Caption-style text data:
◇ ◇ ◇ ◇ ◇ ◇ ◇

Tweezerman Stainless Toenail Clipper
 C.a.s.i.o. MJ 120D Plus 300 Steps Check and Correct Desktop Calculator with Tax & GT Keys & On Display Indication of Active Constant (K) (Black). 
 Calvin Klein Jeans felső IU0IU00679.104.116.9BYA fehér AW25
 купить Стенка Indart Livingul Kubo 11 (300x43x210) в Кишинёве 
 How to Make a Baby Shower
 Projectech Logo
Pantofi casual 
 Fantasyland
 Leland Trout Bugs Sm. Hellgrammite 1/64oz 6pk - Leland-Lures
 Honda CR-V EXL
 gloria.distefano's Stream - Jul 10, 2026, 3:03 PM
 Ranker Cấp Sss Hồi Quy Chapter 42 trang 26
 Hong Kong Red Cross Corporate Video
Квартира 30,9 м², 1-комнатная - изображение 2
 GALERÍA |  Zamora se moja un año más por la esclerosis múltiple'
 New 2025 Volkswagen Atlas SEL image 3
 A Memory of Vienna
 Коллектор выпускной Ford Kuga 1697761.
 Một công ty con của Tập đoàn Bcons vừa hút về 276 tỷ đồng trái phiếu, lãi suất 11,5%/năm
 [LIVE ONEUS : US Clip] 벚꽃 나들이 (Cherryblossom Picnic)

◇ ◇ ◇ ◇ ◇ ◇ ◇

• TASK DIRECTIONS
Set down each entry again, exactly as written.

• SOLUTION FOR THIS PROBLEM
Tweezerman Stainless Toenail Clipper
 C.a.s.i.o. MJ 120D Plus 300 Steps Check and Correct Desktop Calculator with Tax & GT Keys & On Display Indication of Active Constant (K) (Black). 
 Calvin Klein Jeans felső IU0IU00679.104.116.9BYA fehér AW25
 купить Стенка Indart Livingul Kubo 11 (300x43x210) в Кишинёве 
 How to Make a Baby Shower
 Projectech Logo
Pantofi casual 
 Fantasyland
 Leland Trout Bugs Sm. Hellgrammite 1/64oz 6pk - Leland-Lures
 Honda CR-V EXL
 gloria.distefano's Stream - Jul 10, 2026, 3:03 PM
 Ranker Cấp Sss Hồi Quy Chapter 42 trang 26
 Hong Kong Red Cross Corporate Video
Квартира 30,9 м², 1-комнатная - изображение 2
 GALERÍA |  Zamora se moja un año más por la esclerosis múltiple'
 New 2025 Volkswagen Atlas SEL image 3
 A Memory of Vienna
 Коллектор выпускной Ford Kuga 1697761.
 Một công ty con của Tập đoàn Bcons vừa hút về 276 tỷ đồng trái phiếu, lãi suất 11,5%/năm
 [LIVE ONEUS : US Clip] 벚꽃 나들이 (Cherryblossom Picnic)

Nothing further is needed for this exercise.